▶ _Exercise material_:
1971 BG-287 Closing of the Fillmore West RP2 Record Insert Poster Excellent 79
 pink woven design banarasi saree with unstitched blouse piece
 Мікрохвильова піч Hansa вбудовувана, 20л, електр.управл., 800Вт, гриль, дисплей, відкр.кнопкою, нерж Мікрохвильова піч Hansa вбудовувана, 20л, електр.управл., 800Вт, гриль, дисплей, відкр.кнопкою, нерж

--

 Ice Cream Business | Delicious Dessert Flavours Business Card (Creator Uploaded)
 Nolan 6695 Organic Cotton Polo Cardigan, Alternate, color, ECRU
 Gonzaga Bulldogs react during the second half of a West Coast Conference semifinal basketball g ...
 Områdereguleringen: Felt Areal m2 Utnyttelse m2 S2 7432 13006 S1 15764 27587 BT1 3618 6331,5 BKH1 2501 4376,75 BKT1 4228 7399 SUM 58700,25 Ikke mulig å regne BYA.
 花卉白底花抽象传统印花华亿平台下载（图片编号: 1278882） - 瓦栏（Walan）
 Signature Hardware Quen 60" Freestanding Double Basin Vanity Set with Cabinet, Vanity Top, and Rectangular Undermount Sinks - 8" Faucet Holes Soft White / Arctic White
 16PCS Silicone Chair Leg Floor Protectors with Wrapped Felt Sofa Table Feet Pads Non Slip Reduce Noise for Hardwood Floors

▶ _What to work on_: Report each line above containing the string "West".

▶ _Answer to this exercise_:
1971 BG-287 Closing of the Fillmore West RP2 Record Insert Poster Excellent 79
 Gonzaga Bulldogs react during the second half of a West Coast Conference semifinal basketball g ...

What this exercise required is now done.